L'opposition est prompte à saisir tous les prétextes que lui offrent les initiatives du gouvernement. Le projet de libéralisation (très relative) de l'avortement provoque fin juin une violente polémique, menée par Manuel Fraga, président de l'Alliance populaire, et la Conférence épiscopale. En octobre, un projet de loi organique régulatrice de droit à l'éducation fait resurgir le spectre d'une « guerre scolaire ». Il en a été de même pour la réforme de la législation sur la drogue, au cours de l'été. Le déboulonnage d'une statue de Franco, le 10 septembre, à Valence, suscite de violentes bagarres et des protestations.

Terrorisme et rancunes

En dépit de sa prudence et de son habileté, le gouvernement socialiste ne parvient pas à résoudre les deux problèmes politiques sur lesquels ont échoué les deux gouvernements précédents : celui du terrorisme basque et celui de l'armée.

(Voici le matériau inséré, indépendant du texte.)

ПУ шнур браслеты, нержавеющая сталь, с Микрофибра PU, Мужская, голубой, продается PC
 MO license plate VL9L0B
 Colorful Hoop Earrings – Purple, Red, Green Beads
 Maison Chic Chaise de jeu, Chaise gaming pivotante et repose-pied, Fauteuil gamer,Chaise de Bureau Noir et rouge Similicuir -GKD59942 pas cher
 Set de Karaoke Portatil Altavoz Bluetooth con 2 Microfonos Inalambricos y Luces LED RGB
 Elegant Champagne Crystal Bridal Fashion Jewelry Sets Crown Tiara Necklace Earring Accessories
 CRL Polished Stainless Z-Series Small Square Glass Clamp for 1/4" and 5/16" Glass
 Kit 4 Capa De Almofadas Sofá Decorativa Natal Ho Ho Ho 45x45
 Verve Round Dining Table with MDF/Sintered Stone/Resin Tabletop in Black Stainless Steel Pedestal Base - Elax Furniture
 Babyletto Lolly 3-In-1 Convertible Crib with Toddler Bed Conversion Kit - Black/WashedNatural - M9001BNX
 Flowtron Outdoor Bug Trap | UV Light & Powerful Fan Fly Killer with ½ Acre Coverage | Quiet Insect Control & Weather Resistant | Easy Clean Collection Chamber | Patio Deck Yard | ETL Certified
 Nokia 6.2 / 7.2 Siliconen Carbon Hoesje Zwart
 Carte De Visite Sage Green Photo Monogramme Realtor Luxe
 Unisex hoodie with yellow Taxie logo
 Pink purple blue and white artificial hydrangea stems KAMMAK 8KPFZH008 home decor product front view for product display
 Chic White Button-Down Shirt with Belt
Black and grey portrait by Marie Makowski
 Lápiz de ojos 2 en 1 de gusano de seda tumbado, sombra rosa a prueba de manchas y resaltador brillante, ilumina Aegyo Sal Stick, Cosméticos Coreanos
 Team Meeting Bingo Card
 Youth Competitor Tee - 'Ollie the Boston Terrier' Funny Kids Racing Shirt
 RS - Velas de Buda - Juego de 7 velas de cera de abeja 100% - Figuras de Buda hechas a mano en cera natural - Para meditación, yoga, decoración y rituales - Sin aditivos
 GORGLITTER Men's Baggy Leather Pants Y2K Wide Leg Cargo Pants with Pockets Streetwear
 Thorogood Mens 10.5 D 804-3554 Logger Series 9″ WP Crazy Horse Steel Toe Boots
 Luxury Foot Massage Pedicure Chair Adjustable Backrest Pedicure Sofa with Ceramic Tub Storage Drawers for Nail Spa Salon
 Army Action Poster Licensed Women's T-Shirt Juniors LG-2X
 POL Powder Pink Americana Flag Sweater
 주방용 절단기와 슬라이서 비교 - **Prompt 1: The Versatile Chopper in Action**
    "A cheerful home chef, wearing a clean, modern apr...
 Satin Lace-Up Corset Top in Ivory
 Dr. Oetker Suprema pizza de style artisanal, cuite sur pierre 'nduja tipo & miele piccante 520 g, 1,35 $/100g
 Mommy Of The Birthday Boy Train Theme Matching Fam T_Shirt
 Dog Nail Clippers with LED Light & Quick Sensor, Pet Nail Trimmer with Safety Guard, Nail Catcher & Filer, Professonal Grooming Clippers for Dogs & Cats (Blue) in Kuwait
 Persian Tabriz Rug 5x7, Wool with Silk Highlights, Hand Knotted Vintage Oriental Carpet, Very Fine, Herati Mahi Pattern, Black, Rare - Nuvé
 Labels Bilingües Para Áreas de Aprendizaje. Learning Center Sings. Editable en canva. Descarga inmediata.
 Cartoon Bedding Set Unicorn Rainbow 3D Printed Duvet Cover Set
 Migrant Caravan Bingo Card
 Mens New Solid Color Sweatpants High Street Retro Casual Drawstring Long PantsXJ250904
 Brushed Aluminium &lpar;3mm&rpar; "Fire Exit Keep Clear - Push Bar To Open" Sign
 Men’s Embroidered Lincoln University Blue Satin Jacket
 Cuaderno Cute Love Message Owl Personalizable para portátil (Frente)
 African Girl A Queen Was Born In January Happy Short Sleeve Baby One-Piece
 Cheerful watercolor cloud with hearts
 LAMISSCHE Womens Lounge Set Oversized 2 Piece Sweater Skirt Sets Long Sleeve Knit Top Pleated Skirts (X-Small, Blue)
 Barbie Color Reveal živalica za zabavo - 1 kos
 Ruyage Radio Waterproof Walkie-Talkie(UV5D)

Les Cortes ont voté le 22 février les quatre derniers statuts d'autonomie régionale : ceux des Baléares, de Castille-León, d'Estrémadure et de Madrid. L'Espagne compte désormais 17 communautés autonomes devant disposer chacune d'un organe de gouvernement. Pays basque et Catalogne avaient élu dès 1981 leur parlement et leur gouvernement régional. Mais l'ETA n'a pas pour autant déposé les armes en Euskadi. Tout au long de l'année, les attentats se succèdent : assassinats, bombes, enlèvements contre rançon — en dépit des avances faites par le gouvernement socialiste et des manifestations de masse contre le terrorisme. L'assassinat du capitaine Martin le 18 octobre, près de Bilbao où il avait été enlevé treize jours auparavant, provoque l'indignation générale et de vastes manifestations contre le terrorisme.

Mais le quotidien Egin, proche de l'ETA, écrit : « Pour Euskadi, l'hégémonie de la gauche étatique est pire que celle de la droite réactionnaire. »

Cet irrédentisme sanglant entretient l'inexplicable rancune de certains militaires, nostalgiques du caudillo et qui ne digèrent pas l'échec de l'équipée aux Cortes du colonel Tejero, le 23 février 1981. D'autant moins que, le 28 avril, le tribunal suprême a aggravé les peines des putschistes : 22 des 33 accusés sont condamnés à une sanction plus sévère que celle qui leur avait été infligée en juin 1982 par le tribunal militaire. Pour sa part, le général Armada voit sa peine de 6 ans portée à 30 ans — le maximum.

La grogne des ultras

Déjà, au mois de mai, puis de juin, le gouvernement a dû prendre des sanctions contre des officiers ultras. Mais c'est au cours de l'été que l'irritation des militaires va se manifester. Le prétexte : le drapeau espagnol a été brûlé au Pays basque et remplacé par l'emblème de l'Euskadi. Le 1er septembre, le lieutenant général Rafael Allende Salazar, capitaine général de la région de Madrid, lance un avertissement au gouvernement. Puis le 14 septembre, le général Fernando Soteras, capitaine général de la région de Valladolid, réclame, dans une interview, l'amnistie de ses « compagnons », auteurs du putsch manqué du 23 F, qu'il justifie. F. Gonzalez le destitue immédiatement. Décision courageuse, mais qui ne résout pas le problème.